Lenders to power producers are witnessing increasing momentum in developing a new type of carbon credit designed to facilitate the phase-out of coal-fired power capacity.
Bloomberg reported that entities such as the Monetary Authority of Singapore have supported the creation of transition credits, which could be sold to help compensate for the revenue loss from power assets that are decommissioned earlier than planned.
Coal consumption, responsible for the largest share of global power sector emissions, reached a record high last year due to growth in China and India.
Achieving global goals to phase out coal will depend on strategies to transition Asia’s developing economies to cleaner alternatives and manage the shutdown of a relatively young fleet of coal plants.
According to a report on the development of new credits by McKinsey & Co. and Singapore’s central bank last year, shutting down a 1-gigawatt plant five years early would necessitate approximately $310 million in financing.
At the Bloomberg Sustainable Business Summit, Tan Su Shan, Institutional Banking Group Executive at DBS stated that a credit price of around $25 to $35 per ton would likely be effective.
Philippines-based Acen Corp.’s plant in South Luzon is among the facilities targeted by pilot projects testing strategies to expedite coal closures.

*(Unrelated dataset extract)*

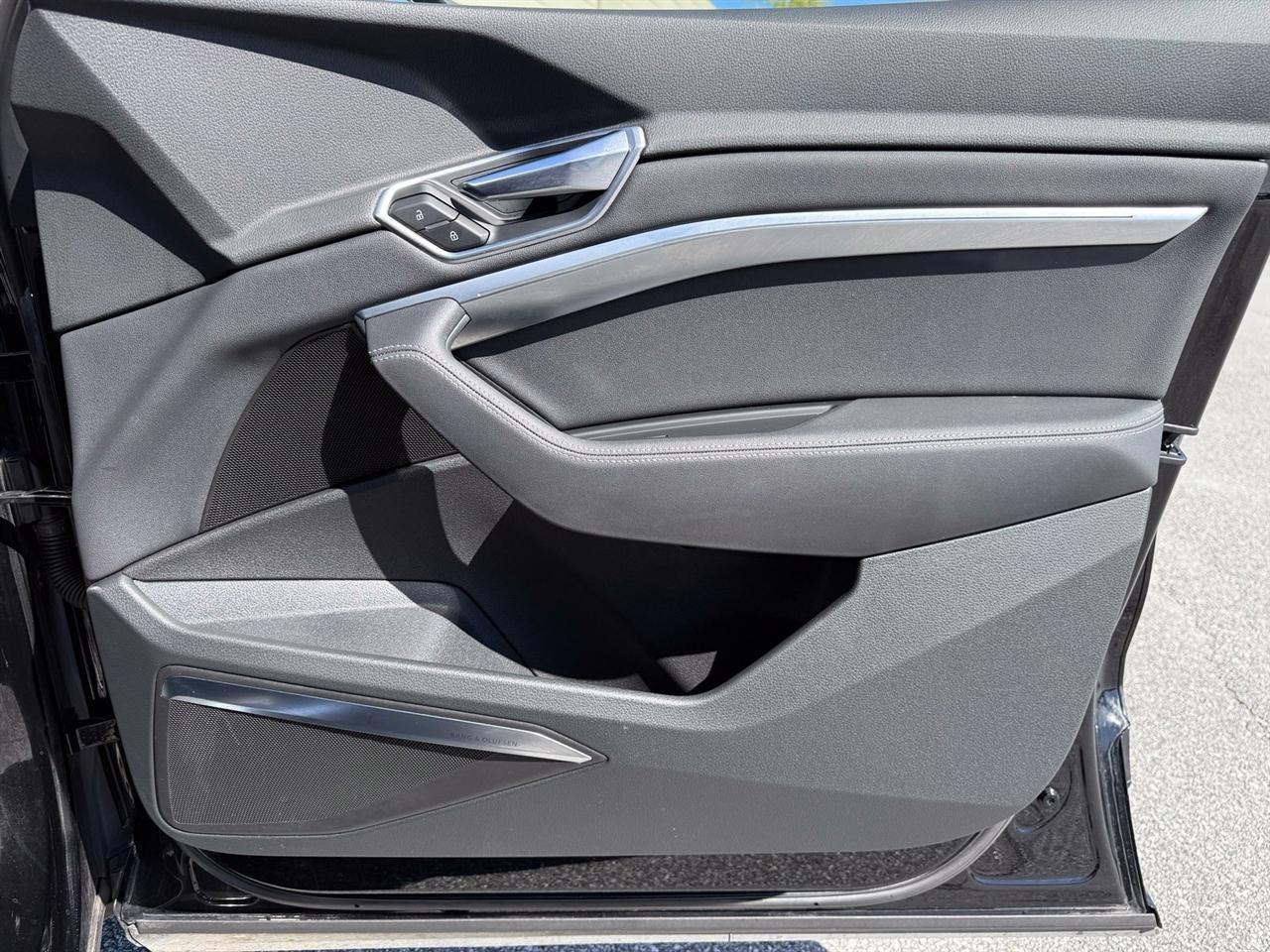 Audi E-Tron  2019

Read more: New type of carbon credits gaining momentum to phase out coal plants in Asia
Acen is collaborating with Singapore’s central bank to potentially shorten the plant’s operating life from 2040 to 2030 using transition credits, Jaime Urquijo, Chief Sustainability and Risk Officer at Acen’s parent company Ayala Corp., shared at the summit.
Although the concept is progressing, Urquijo noted that more work is needed. “The methodology for a transition credit still doesn’t exist and is currently being developed,” he said.